_Brief_.
Your answer must be an exact copy of the records below, with every picture left out.
§ §
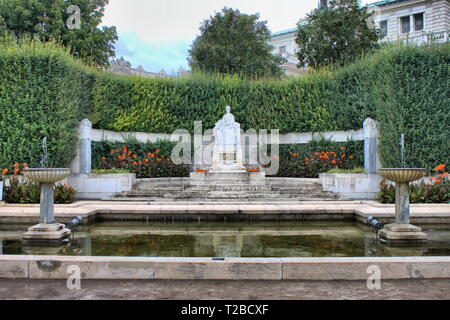 Un monumento di imperatrice Elisabetta nel parco Volksgarten di Vienna, Austria Foto Stock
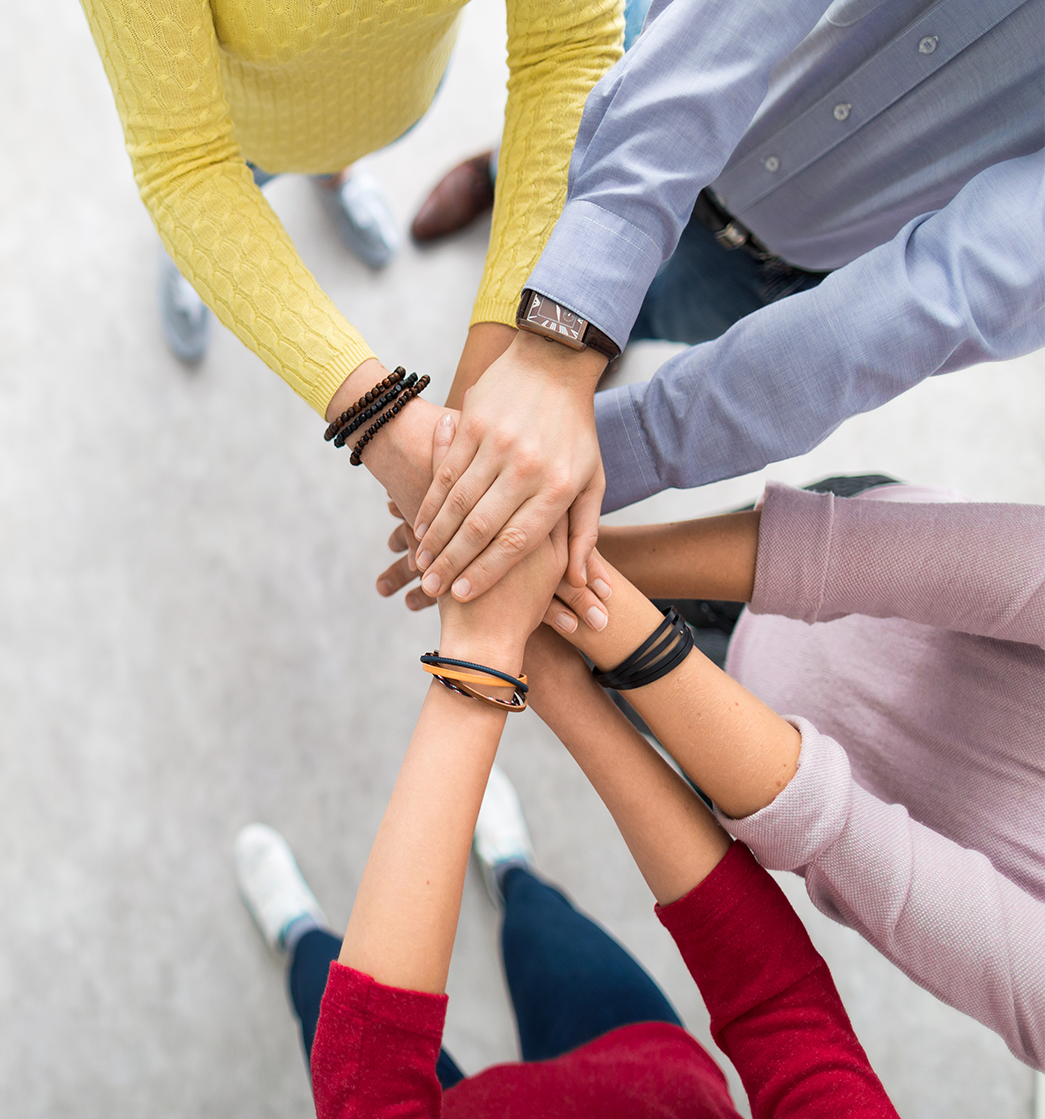 Vereinte Hände von verschiedenen Händen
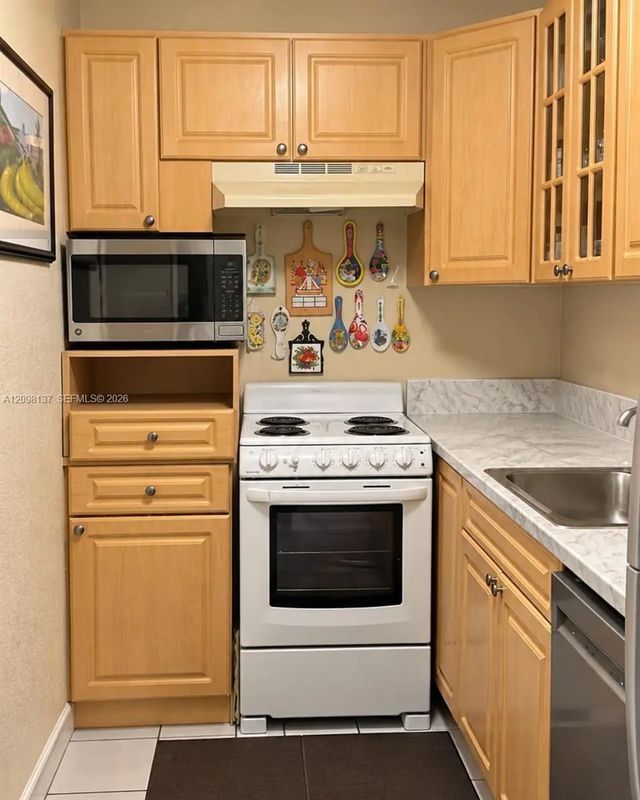 2 of 21 - 4713 Nw 7th Street #204-1, Miami, FL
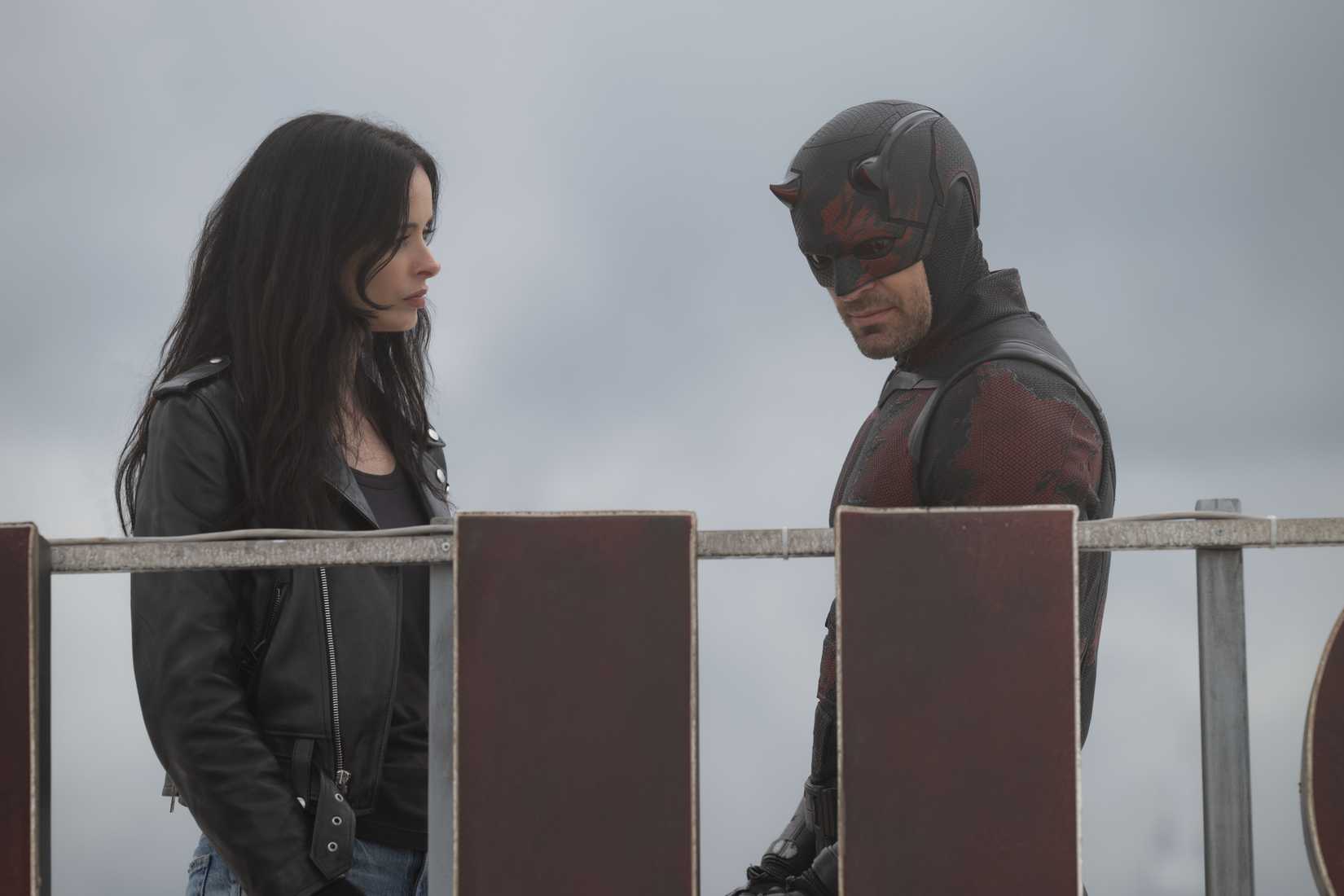 Daredevil talks with Jessica Jones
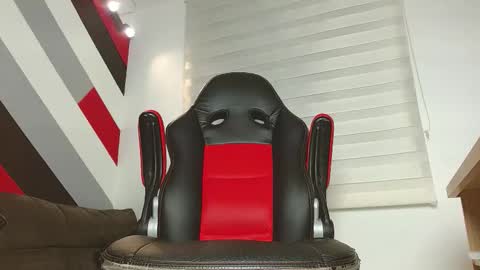 Zack  online show from February 4, 6:25 pm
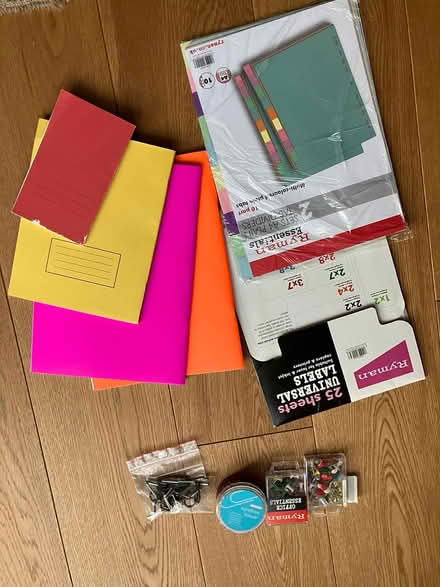 Photo of free bag of Stationery (Maida Vale W9) #1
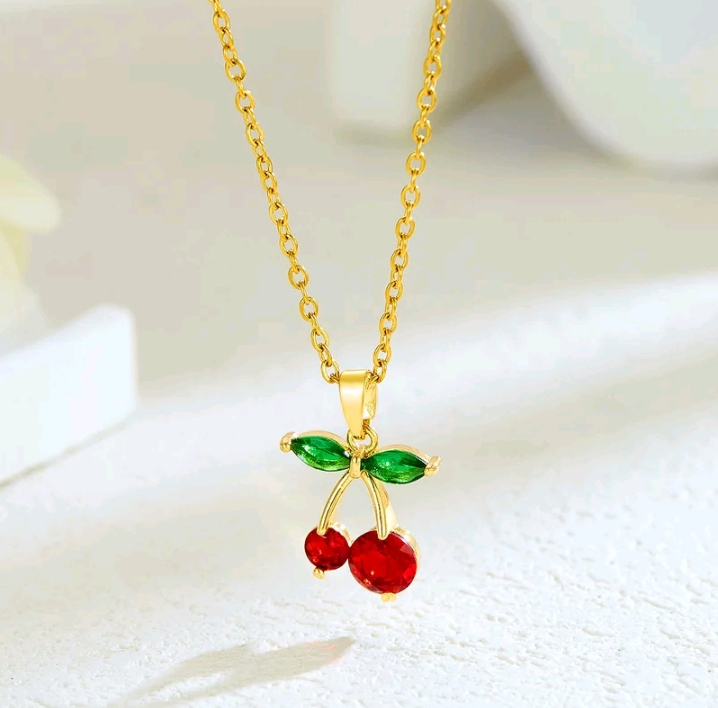 สร้อยคอสตั๊ดดีไซน์ใบไม้สีเขียวเชอร์รี่ขนาดเล็กสีไม่ซีด(รับ8200แต้ม)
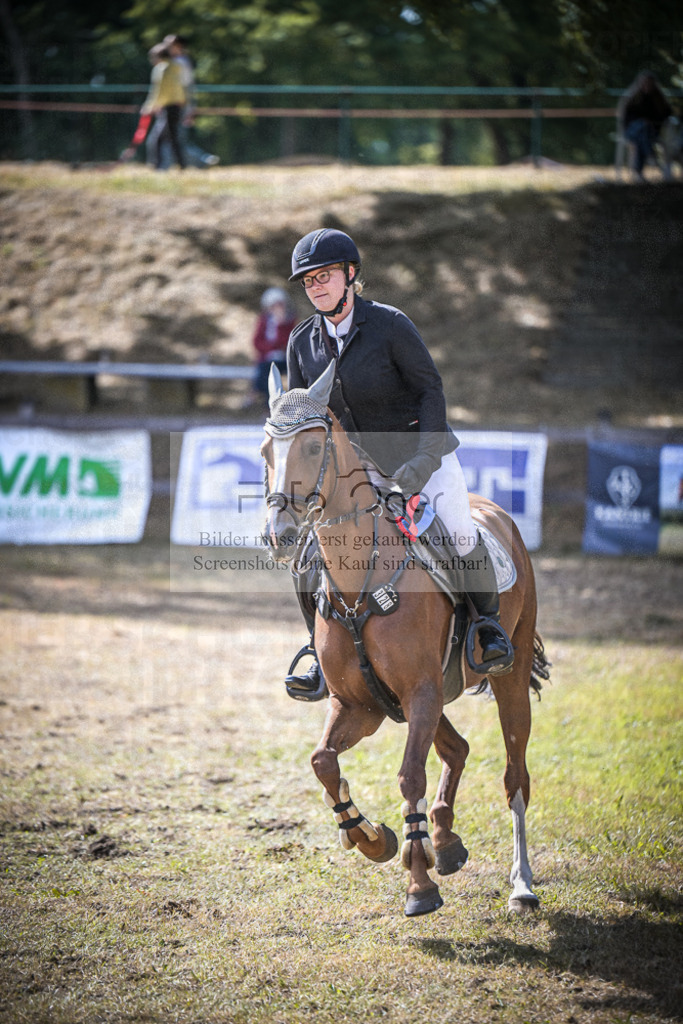 DOS_0163 | Entdecke hochwertige Reitturnierfotos von Foto Oger. Professionell, emotional und authentisch – jetzt Lieblingsmomente im Shop bestellen.Deutschlandweite Turnierfotografie. - Realisiert mit Pictrs.com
§ §
_Exercise answer_.
 Un monumento di imperatrice Elisabetta nel parco Volksgarten di Vienna, Austria Foto Stock
 Vereinte Hände von verschiedenen Händen
 2 of 21 - 4713 Nw 7th Street #204-1, Miami, FL
 Daredevil talks with Jessica Jones
 Zack  online show from February 4, 6:25 pm
 Photo of free bag of Stationery (Maida Vale W9) #1
 สร้อยคอสตั๊ดดีไซน์ใบไม้สีเขียวเชอร์รี่ขนาดเล็กสีไม่ซีด(รับ8200แต้ม)
 DOS_0163 | Entdecke hochwertige Reitturnierfotos von Foto Oger. Professionell, emotional und authentisch – jetzt Lieblingsmomente im Shop bestellen.Deutschlandweite Turnierfotografie. - Realisiert mit Pictrs.com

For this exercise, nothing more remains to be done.